EXTRACTED MATERIAL:

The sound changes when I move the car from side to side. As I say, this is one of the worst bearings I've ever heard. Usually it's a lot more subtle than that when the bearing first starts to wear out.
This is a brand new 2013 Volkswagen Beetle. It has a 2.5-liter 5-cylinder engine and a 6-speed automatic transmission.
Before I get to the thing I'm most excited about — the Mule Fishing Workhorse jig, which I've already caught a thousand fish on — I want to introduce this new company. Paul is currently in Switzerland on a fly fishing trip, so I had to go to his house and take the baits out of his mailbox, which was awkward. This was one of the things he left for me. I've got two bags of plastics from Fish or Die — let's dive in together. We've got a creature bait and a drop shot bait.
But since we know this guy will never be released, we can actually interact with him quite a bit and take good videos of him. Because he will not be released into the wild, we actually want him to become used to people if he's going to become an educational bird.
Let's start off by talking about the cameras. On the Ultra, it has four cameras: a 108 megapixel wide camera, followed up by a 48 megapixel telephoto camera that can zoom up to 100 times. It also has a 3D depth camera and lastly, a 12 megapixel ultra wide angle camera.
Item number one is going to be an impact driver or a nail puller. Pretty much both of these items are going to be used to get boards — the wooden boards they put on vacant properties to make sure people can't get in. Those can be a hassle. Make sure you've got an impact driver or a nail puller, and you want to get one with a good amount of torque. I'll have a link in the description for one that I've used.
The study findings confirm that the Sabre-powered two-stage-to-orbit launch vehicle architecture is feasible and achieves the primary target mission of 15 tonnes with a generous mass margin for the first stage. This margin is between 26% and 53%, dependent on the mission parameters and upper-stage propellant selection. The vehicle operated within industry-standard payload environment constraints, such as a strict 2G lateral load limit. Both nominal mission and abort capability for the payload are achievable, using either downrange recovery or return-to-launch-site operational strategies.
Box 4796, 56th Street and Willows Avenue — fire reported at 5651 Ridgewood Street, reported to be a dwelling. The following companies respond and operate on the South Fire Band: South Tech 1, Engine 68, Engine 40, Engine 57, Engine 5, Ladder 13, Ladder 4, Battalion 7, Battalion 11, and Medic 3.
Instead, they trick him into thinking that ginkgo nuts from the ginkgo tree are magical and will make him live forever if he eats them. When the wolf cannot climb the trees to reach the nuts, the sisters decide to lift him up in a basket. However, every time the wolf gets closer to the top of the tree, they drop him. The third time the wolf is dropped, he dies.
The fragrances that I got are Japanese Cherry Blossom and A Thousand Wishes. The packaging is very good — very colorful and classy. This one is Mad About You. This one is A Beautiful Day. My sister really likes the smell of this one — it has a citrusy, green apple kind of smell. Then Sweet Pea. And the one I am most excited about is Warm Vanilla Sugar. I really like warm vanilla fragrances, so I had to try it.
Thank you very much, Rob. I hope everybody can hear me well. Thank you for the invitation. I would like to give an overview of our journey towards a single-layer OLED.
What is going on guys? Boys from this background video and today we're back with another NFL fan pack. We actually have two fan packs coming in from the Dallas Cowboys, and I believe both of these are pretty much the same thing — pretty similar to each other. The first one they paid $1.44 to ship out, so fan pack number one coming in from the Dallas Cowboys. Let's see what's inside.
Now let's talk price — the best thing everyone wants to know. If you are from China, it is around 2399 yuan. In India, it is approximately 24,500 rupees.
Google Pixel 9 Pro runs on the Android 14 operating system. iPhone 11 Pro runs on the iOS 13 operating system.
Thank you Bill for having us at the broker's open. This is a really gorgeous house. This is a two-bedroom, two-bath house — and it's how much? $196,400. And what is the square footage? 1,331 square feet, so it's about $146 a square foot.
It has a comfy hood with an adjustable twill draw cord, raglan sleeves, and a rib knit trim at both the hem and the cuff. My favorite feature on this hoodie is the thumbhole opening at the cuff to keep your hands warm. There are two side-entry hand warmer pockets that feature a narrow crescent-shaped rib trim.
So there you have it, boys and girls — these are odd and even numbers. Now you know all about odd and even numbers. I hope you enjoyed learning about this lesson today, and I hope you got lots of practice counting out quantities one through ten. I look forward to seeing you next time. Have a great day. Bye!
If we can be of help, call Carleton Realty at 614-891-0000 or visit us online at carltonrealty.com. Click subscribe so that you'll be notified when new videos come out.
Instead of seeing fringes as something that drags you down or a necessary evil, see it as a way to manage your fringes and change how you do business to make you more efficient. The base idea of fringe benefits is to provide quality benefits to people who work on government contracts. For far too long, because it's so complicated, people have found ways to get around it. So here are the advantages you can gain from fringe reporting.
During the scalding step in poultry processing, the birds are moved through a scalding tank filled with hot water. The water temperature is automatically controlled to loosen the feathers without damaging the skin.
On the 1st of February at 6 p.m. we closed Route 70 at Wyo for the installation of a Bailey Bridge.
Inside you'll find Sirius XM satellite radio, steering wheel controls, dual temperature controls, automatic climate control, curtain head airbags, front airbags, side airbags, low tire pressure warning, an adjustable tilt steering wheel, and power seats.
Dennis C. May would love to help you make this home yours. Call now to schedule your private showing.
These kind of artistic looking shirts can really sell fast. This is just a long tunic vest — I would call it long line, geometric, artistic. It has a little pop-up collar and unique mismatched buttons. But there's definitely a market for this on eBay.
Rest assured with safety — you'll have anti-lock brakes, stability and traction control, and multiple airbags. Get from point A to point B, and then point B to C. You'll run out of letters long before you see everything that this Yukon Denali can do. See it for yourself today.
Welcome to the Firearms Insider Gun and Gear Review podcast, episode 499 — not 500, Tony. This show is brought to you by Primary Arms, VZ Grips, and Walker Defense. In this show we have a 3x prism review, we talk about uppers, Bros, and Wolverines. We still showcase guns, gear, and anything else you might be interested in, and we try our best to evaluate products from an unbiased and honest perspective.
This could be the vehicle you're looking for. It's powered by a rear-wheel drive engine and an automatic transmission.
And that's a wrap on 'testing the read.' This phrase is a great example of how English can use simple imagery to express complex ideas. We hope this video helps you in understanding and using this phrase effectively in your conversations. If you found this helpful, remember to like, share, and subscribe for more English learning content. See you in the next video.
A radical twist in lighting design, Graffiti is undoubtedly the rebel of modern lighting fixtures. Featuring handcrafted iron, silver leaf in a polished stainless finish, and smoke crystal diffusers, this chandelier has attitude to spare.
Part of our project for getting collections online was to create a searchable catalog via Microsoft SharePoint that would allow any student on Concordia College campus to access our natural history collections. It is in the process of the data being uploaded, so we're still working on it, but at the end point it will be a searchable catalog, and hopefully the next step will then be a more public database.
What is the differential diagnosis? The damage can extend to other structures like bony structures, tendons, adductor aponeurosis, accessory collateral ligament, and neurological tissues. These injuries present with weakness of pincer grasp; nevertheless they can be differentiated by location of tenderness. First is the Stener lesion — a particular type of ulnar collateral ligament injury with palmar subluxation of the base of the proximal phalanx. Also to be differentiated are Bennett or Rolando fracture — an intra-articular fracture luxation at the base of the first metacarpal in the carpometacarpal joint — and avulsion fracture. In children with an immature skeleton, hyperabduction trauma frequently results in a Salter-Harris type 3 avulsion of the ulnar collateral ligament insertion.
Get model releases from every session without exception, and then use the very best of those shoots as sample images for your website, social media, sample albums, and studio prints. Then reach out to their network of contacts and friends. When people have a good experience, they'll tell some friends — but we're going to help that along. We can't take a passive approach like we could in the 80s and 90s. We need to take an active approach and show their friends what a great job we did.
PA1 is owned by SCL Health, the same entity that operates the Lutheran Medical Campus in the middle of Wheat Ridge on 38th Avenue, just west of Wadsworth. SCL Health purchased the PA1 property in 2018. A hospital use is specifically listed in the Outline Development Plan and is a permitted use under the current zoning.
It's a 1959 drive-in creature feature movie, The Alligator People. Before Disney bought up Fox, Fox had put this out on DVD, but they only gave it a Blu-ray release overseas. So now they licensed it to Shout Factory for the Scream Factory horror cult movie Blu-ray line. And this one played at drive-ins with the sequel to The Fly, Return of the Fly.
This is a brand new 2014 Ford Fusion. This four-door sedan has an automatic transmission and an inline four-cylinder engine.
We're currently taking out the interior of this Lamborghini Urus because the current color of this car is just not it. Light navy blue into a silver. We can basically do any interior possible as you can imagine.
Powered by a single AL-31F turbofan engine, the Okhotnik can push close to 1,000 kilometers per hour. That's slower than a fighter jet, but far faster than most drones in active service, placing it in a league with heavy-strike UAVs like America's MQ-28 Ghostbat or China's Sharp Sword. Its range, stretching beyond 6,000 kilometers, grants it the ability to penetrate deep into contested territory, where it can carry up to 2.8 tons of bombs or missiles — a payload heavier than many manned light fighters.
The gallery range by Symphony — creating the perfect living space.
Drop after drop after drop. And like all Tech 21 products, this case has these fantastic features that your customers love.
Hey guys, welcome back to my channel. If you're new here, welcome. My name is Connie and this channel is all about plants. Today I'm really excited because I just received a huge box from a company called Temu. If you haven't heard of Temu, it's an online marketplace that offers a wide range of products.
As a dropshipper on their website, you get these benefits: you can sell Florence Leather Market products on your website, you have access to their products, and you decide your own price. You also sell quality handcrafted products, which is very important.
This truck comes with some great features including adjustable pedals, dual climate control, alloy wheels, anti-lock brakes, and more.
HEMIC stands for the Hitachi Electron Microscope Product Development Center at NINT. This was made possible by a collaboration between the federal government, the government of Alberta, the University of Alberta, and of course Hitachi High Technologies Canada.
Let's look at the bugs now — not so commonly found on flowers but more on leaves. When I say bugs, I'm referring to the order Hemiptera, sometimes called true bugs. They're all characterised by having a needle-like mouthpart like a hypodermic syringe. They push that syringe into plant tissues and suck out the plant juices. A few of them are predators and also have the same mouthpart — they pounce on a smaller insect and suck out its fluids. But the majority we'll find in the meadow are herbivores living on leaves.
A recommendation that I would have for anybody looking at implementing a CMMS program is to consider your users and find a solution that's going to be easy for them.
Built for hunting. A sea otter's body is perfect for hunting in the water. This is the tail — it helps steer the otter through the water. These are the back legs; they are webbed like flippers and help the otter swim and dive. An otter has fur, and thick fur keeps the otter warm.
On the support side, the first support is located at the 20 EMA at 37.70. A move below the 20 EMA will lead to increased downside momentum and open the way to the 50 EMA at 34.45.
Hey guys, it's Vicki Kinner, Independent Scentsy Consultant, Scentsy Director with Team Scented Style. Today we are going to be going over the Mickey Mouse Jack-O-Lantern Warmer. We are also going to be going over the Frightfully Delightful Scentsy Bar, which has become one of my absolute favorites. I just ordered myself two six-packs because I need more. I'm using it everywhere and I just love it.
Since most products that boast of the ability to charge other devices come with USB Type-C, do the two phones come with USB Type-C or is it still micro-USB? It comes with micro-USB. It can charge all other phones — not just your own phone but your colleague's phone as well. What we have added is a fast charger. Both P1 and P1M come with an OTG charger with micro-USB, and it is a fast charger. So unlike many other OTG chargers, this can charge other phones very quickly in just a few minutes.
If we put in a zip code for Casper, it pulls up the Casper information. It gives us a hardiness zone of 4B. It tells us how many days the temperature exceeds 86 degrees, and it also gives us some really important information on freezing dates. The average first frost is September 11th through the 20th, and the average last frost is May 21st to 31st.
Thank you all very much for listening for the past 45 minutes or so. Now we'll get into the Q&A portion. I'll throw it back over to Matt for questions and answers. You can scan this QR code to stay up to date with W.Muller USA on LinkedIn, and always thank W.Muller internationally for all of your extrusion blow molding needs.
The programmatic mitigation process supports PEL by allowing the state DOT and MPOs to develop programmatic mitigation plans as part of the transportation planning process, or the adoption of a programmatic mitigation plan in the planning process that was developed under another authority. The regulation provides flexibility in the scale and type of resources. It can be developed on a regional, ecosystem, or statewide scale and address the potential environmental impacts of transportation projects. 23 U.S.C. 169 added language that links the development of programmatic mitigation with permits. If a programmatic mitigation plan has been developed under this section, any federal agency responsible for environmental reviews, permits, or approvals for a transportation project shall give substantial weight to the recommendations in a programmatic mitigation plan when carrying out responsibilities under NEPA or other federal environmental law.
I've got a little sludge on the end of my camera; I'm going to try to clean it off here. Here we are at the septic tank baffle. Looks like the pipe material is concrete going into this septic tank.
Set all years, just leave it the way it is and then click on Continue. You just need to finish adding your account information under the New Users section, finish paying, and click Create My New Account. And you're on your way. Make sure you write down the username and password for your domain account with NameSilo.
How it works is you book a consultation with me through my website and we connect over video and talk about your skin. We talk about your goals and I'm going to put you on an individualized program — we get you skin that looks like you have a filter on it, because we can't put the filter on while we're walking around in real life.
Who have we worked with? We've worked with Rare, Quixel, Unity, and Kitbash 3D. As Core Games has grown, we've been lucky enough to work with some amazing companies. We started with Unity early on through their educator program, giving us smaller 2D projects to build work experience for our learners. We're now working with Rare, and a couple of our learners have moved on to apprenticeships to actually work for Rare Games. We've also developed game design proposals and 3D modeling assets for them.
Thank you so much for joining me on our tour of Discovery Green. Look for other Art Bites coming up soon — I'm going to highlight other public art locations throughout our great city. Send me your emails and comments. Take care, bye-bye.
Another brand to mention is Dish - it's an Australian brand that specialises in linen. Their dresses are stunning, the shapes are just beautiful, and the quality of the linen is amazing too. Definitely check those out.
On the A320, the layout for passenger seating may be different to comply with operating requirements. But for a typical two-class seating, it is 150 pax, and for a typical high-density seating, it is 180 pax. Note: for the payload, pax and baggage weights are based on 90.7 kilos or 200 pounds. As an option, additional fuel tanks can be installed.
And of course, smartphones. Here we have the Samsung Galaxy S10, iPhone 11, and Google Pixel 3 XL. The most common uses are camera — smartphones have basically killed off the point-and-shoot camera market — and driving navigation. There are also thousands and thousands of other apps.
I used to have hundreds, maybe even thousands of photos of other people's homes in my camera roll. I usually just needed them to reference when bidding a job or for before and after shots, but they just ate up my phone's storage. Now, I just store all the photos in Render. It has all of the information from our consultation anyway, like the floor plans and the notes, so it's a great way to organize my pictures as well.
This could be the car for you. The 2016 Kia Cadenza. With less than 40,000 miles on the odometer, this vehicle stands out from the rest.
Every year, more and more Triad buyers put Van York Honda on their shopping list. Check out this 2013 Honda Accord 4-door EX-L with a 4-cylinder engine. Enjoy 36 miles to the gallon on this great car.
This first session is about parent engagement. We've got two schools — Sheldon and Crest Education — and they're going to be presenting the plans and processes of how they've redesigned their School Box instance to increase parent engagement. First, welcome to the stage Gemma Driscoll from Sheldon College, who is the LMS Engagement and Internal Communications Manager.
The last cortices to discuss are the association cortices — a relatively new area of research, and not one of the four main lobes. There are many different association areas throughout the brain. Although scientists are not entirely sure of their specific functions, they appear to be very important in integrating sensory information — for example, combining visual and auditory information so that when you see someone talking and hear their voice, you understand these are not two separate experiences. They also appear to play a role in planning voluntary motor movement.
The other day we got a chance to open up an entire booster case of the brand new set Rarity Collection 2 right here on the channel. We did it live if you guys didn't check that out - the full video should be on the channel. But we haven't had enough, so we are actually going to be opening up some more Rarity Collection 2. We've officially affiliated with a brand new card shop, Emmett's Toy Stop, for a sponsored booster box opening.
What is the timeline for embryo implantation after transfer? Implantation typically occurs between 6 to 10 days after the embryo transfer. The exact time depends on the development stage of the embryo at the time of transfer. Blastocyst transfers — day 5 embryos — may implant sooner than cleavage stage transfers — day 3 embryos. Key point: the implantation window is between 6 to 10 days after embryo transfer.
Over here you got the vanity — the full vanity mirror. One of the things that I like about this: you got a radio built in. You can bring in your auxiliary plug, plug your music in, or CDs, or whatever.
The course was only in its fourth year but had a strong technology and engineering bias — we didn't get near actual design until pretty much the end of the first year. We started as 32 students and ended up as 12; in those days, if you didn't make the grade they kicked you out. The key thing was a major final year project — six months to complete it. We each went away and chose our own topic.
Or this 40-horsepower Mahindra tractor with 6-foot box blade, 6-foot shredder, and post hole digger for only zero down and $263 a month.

HOW TO COMPLETE THIS TASK:
From the listing above, repeat exactly the lines starting at the line that includes "Inside you'll find" and ending at the line that includes "These kind of", with nothing outside that span.

RESULT FOR THIS TASK:
Inside you'll find Sirius XM satellite radio, steering wheel controls, dual temperature controls, automatic climate control, curtain head airbags, front airbags, side airbags, low tire pressure warning, an adjustable tilt steering wheel, and power seats.
Dennis C. May would love to help you make this home yours. Call now to schedule your private showing.
These kind of artistic looking shirts can really sell fast. This is just a long tunic vest — I would call it long line, geometric, artistic. It has a little pop-up collar and unique mismatched buttons. But there's definitely a market for this on eBay.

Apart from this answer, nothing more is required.